PROMPT:
Copy out the records below exactly as they appear.

PROVIDED ENTRIES:
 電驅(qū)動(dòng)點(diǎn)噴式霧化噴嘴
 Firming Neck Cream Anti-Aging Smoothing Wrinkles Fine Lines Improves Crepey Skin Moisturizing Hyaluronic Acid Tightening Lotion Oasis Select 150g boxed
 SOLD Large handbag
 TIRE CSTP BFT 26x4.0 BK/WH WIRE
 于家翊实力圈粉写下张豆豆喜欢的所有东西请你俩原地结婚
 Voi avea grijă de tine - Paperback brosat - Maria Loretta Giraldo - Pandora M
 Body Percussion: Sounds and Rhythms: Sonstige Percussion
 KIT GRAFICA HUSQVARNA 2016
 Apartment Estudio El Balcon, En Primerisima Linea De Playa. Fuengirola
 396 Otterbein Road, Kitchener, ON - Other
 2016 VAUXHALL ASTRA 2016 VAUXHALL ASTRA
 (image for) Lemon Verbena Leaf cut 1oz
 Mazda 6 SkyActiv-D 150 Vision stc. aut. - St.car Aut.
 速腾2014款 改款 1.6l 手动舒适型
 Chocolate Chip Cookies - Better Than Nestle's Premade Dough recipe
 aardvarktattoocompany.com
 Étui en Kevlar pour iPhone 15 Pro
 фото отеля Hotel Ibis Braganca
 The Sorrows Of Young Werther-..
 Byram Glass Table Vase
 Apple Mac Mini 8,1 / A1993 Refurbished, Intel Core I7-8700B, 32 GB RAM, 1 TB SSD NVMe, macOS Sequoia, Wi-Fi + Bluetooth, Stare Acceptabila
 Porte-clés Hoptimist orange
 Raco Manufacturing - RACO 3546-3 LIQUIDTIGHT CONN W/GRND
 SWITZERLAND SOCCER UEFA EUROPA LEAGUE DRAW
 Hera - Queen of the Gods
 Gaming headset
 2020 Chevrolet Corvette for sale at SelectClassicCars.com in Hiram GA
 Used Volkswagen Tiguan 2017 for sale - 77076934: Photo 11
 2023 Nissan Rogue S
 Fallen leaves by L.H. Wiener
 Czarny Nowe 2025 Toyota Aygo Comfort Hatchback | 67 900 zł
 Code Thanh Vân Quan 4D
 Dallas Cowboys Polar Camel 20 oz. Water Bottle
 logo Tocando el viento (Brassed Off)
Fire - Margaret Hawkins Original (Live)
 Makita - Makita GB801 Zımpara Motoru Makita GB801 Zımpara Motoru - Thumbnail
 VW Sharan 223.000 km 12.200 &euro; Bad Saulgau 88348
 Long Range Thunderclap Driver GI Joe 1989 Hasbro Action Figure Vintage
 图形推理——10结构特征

EXERCISE SOLUTION:
 電驅(qū)動(dòng)點(diǎn)噴式霧化噴嘴
 Firming Neck Cream Anti-Aging Smoothing Wrinkles Fine Lines Improves Crepey Skin Moisturizing Hyaluronic Acid Tightening Lotion Oasis Select 150g boxed
 SOLD Large handbag
 TIRE CSTP BFT 26x4.0 BK/WH WIRE
 于家翊实力圈粉写下张豆豆喜欢的所有东西请你俩原地结婚
 Voi avea grijă de tine - Paperback brosat - Maria Loretta Giraldo - Pandora M
 Body Percussion: Sounds and Rhythms: Sonstige Percussion
 KIT GRAFICA HUSQVARNA 2016
 Apartment Estudio El Balcon, En Primerisima Linea De Playa. Fuengirola
 396 Otterbein Road, Kitchener, ON - Other
 2016 VAUXHALL ASTRA 2016 VAUXHALL ASTRA
 (image for) Lemon Verbena Leaf cut 1oz
 Mazda 6 SkyActiv-D 150 Vision stc. aut. - St.car Aut.
 速腾2014款 改款 1.6l 手动舒适型
 Chocolate Chip Cookies - Better Than Nestle's Premade Dough recipe
 aardvarktattoocompany.com
 Étui en Kevlar pour iPhone 15 Pro
 фото отеля Hotel Ibis Braganca
 The Sorrows Of Young Werther-..
 Byram Glass Table Vase
 Apple Mac Mini 8,1 / A1993 Refurbished, Intel Core I7-8700B, 32 GB RAM, 1 TB SSD NVMe, macOS Sequoia, Wi-Fi + Bluetooth, Stare Acceptabila
 Porte-clés Hoptimist orange
 Raco Manufacturing - RACO 3546-3 LIQUIDTIGHT CONN W/GRND
 SWITZERLAND SOCCER UEFA EUROPA LEAGUE DRAW
 Hera - Queen of the Gods
 Gaming headset
 2020 Chevrolet Corvette for sale at SelectClassicCars.com in Hiram GA
 Used Volkswagen Tiguan 2017 for sale - 77076934: Photo 11
 2023 Nissan Rogue S
 Fallen leaves by L.H. Wiener
 Czarny Nowe 2025 Toyota Aygo Comfort Hatchback | 67 900 zł
 Code Thanh Vân Quan 4D
 Dallas Cowboys Polar Camel 20 oz. Water Bottle
 logo Tocando el viento (Brassed Off)
Fire - Margaret Hawkins Original (Live)
 Makita - Makita GB801 Zımpara Motoru Makita GB801 Zımpara Motoru - Thumbnail
 VW Sharan 223.000 km 12.200 &euro; Bad Saulgau 88348
 Long Range Thunderclap Driver GI Joe 1989 Hasbro Action Figure Vintage
 图形推理——10结构特征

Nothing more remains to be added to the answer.